The impact of increasing greenhouse gas (“GHG”) emissions resulting from human activities has driven innovation in market-based solutions, technology development and international law. The signing of the 1997 agreement known as the ‘Kyoto Protocol’, which was set to go into force in 2005, set binding emission reduction targets for the countries that signed it. This consequently resulted in the creation of carbon credits and the mechanism of emission trading.
What are Carbon Credits?
A carbon credit (also known as a carbon offset) is a tradable permit or certificate which grants a holder whether that be a country, company or organisation to produce carbon dioxide or other greenhouse gases. The credit limits the emission to a mass equal to one ton of carbon dioxide, ultimately serving the purpose as a market-oriented mechanism to slow worldwide carbon emissions.
How do Carbon Credits work?
Fundamentally, a carbon credit functions as a permit – issued by a government or other regulatory body which allows the holder to burn a specified amount of hydrocarbon fuel over a specified period. Each carbon credit is valued against one ton of hydrocarbon fuel with each company or nation being allotted to a certain number of credits. These credits function in two ways; the compliance or cap-and-trade market and voluntary market.
Compliance – Government agency puts a cap on GHG emissions for specific entities. Entities are required by law to strictly abide by this limit and are allowed to sell credits to other entities if the entity can cut back on emission below the requirement level required by law.

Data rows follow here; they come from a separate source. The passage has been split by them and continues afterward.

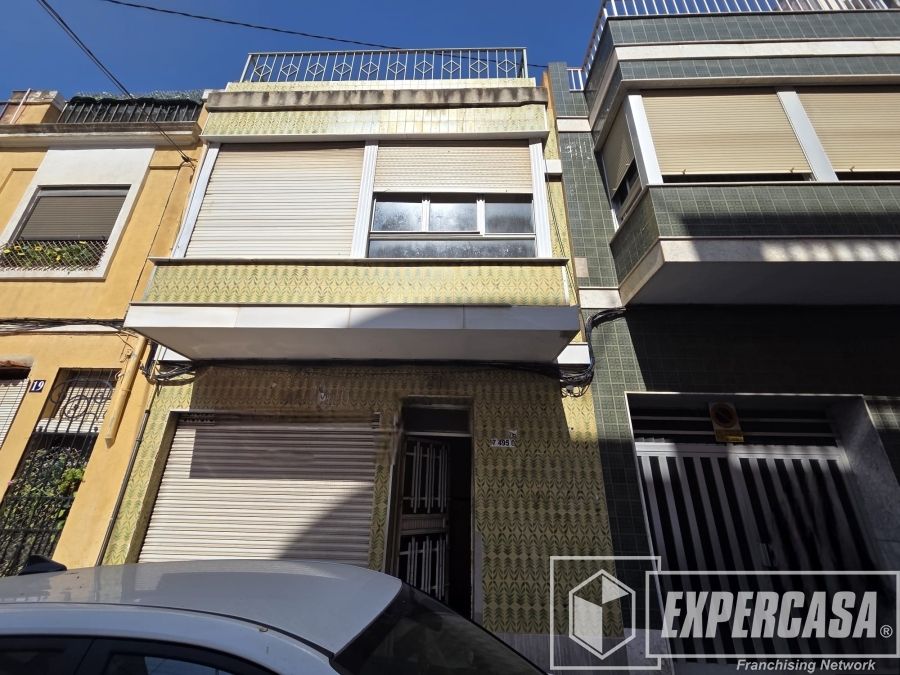 Vista exterior de Casa o xalet en venda en Alzira amb Terrassa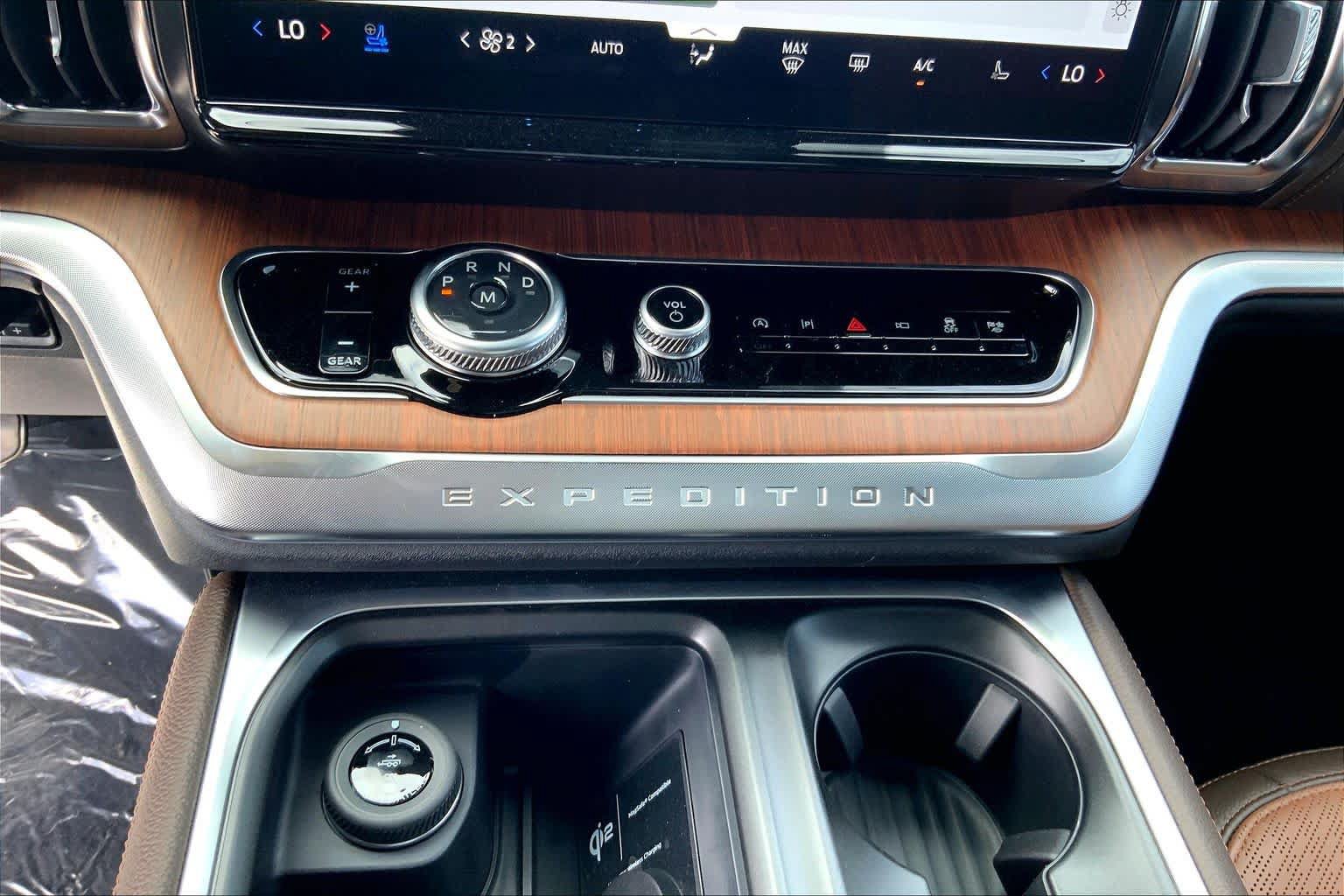 New 2027 Ford Expedition King Ranch RWD image 15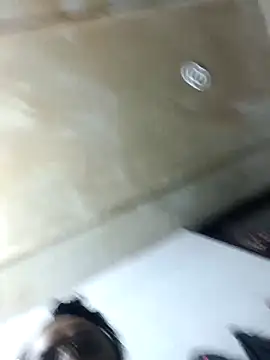 Snapshot of john10_singh chatting on October 25, 5:08 pm john10 singh online show from October 25, 5:08 pm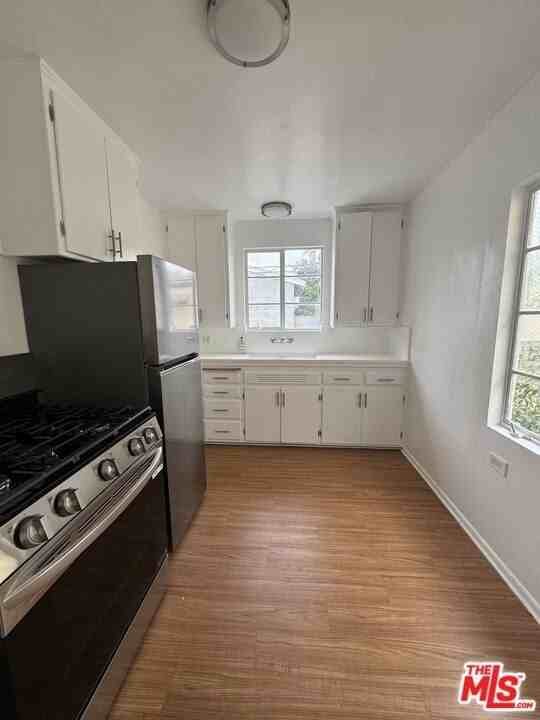 220 N Louise St Apt B #B - Photo 5 of 13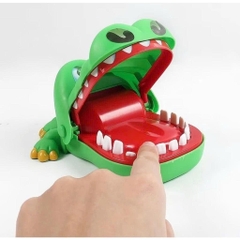 Đồ Chơi Cá Sấu Cắn Tay, Đồ Chơi Giải Trí Cho Bé Mã 2205 - XKIDS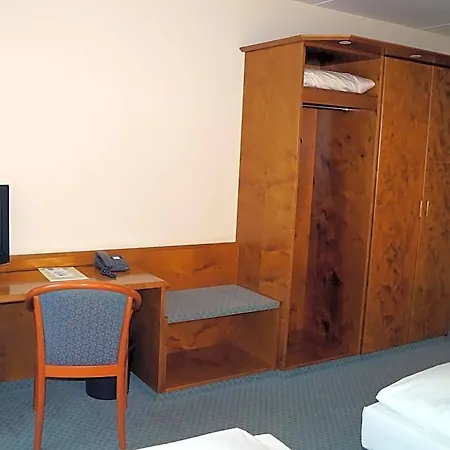Hotel Itm Entree Restaurant & Tagungshotel 3*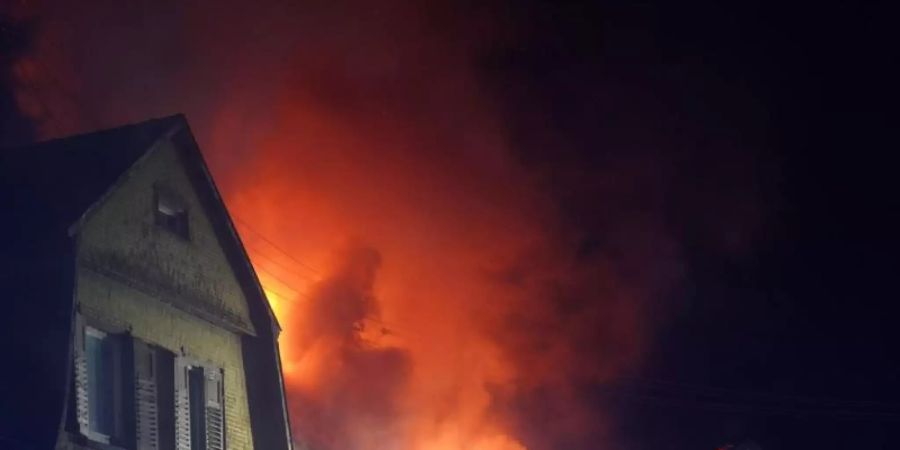 Feuerwehrleute versuchen, den Brand in Nürtingen zu löschen. Foto: Kohls/SDMG/dpa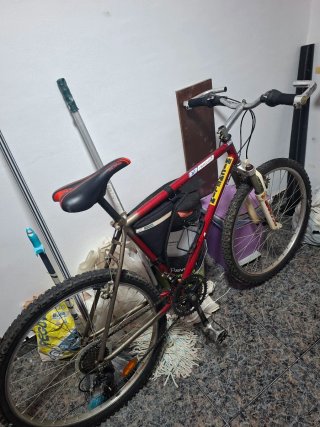 Bicicleta Montaña Roja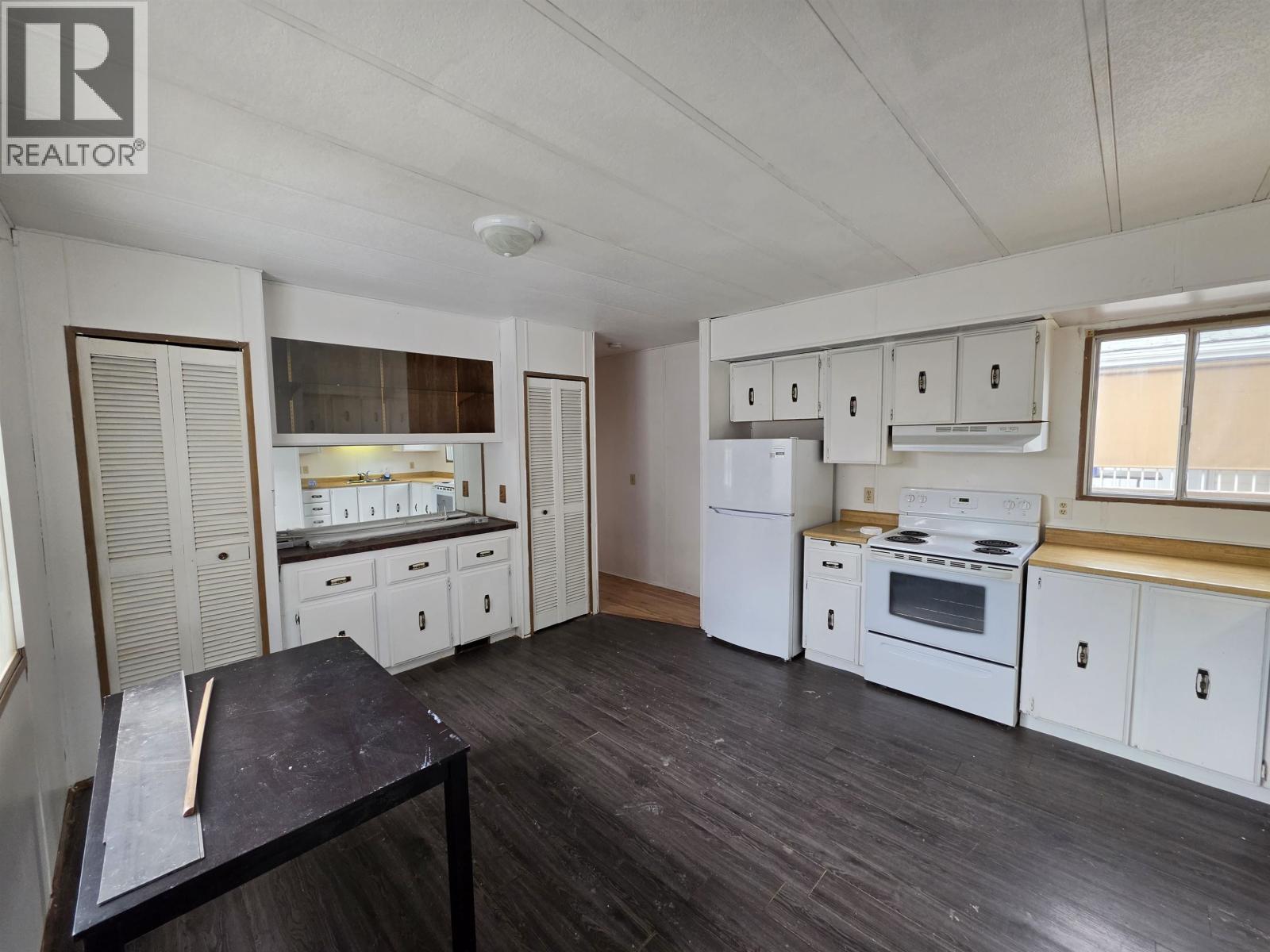 #21 654 NORTH FRASER DRIVE - 9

Voluntary – Any person or entity can balance out their carbon emissions by bankrolling projects that spearhead campaigns geared towards reducing greenhouse gas emissions.
Pros of Carbon Credits:
- Sends a clear statement of intent – Carbon offsetting gives a solid statement and credibility to minimise GNG emissions. It’s practical as it goes beyond the usual talk and target setting associated with policy making.
- Makes old businesses relevant in the modern day – Carbon offsetting saves a large number of old business from closure by restricting the GNG emissions of the entity consequentially forcing the company to add accessories or fine tune their operations to achieve higher efficiency.
- Quantifies the actual damage caused by greenhouse gas emissions – Paying for carbon offsets can quantify the real cost of damage done to the environment by greenhouse gasses. Governments and other institutions can use this data to formulate accurate budgets around carbon neutrality.
Cons of Carbon Credits:
- Investment in cleaner and carbon-free processes could be overlooked – Buying carbon credits could be leveraged as means to dodge the need to minimise emissions by simply purchasing credits with zero investment in clean renewable energy.
- Fewer beneficiaries – Main beneficiaries of carbon offset schemes are the traders, NGOs and Lawyers with project developers, who are the brain behind the project, receiving little to no benefit.
- Complex red tape – It can take months for project developers to go through complex red tape to attain the necessary permits.